In my opinion, the only one that matters to me, Auden's first version
of the poem in question is the best. It is tendentious as it was
meant to be. As such I consider it to be a great poem within the
genre of political preachings. The fact that I am an unabashed
liberal probably explains my admiration for the poem. Political poetry
is certainly not my favorite, but I love a good speech. There are
many genres of poetry that I like better, but I tip my hat to pretty
speechifying such as Auden was capable of. Why he would turn his back
on it is (was) his choosing. It doesn't diminish one iota my
admiration for the poem. I am indifferent towards all artists. It is
their artistry that matters to me. I find his editing and his
justification for it insipid concerns of a spoiled brat. Amen.

On 6/29/15, Lawrence Helm <lawrencehelm@xxxxxxxxxxxxxx> wrote:

That's all true, I agree, but if memory serves me, the inaptness of
language was pointed out by critics (20 years earlier) and he had to
agree with them. The criticism didn't make him want to destroy the poem
however. I believe he edited the poem in a subsequent collection to say
"love one another _and_ die" -- again, if I remember correctly, but the
use of the poem by President Johnson made him hate the poem.
Furthermore, he was in the process of approving the proofs of a
collection of his shorter poems at the time (of Johnston's political
use) and delayed approval for seven weeks in order to make sure there
was nothing in them that could be used by a politician for political
purposes.

Thus, he was admittedly unhappy with the poem two decades earlier
because critics panned it and he had to agree with their criticisms, but
Johnson's use of the poem raised his unhappiness to a new level.

There was something earlier in the bio about this poem, perhaps it would
shed more light on Auden's thinking, but I couldn't immediately turn to
it.

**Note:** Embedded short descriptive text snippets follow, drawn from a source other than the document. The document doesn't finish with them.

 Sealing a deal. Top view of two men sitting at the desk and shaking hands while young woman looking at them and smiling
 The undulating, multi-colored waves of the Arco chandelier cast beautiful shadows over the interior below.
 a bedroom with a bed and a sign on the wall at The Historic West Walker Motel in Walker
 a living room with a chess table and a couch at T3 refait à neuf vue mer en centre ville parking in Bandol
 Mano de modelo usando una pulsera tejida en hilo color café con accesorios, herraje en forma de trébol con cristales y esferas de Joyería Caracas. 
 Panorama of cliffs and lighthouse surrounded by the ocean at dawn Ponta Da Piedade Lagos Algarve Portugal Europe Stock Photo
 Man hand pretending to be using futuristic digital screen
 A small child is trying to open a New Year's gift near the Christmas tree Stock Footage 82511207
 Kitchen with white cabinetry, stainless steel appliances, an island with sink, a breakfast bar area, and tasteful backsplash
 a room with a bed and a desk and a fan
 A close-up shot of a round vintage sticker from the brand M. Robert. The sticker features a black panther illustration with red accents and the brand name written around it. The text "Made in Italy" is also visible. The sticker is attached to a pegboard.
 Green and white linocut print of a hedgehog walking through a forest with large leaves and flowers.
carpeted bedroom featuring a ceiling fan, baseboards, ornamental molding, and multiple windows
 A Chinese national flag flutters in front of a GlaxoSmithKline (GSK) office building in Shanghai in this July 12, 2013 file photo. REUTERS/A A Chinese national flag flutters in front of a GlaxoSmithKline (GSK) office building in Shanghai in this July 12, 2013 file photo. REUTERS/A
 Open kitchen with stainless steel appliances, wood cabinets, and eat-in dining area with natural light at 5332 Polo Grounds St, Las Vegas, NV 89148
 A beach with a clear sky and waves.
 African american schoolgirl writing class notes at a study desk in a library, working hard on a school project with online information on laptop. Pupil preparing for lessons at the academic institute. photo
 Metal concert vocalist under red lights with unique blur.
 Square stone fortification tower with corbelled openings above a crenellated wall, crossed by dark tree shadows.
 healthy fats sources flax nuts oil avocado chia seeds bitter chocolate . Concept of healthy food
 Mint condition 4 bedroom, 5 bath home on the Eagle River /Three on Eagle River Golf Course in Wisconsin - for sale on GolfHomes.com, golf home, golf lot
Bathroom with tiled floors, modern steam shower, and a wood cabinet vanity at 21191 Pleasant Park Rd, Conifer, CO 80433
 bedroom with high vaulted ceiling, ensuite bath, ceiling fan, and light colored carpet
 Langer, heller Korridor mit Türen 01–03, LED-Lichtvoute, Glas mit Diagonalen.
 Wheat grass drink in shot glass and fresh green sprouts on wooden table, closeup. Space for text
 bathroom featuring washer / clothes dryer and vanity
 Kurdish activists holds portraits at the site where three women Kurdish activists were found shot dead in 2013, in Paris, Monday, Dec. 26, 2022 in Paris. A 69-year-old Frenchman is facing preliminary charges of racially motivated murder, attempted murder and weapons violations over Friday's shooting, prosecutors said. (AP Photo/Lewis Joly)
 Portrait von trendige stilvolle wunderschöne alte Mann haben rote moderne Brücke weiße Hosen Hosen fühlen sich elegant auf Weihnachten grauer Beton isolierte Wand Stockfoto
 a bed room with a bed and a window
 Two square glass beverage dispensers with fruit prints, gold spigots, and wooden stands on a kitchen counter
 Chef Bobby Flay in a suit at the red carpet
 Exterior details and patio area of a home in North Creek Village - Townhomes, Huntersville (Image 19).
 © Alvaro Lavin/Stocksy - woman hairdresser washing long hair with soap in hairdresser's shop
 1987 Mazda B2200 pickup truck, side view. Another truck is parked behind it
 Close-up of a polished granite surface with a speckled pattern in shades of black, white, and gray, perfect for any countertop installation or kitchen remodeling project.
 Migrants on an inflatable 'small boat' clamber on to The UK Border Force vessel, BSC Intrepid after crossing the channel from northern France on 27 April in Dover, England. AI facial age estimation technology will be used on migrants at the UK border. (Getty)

Do we care? I finished the biography and know quite a lot more
about Auden, and while I read several of his referenced poems, I can't
say that I appreciated any of them. My initial (mild) dislike of his
poetry hasn't been overturned.

Lawrence


On 6/29/2015 3:43 AM, Donal McEvoy wrote:
Though the H-D information is interesting there are two distinct
issues (a) the aptness of the poem's language (when considered simply
as a poetic work) (b) misuse or misappropriation of the poem's
language by others (say for political purposes).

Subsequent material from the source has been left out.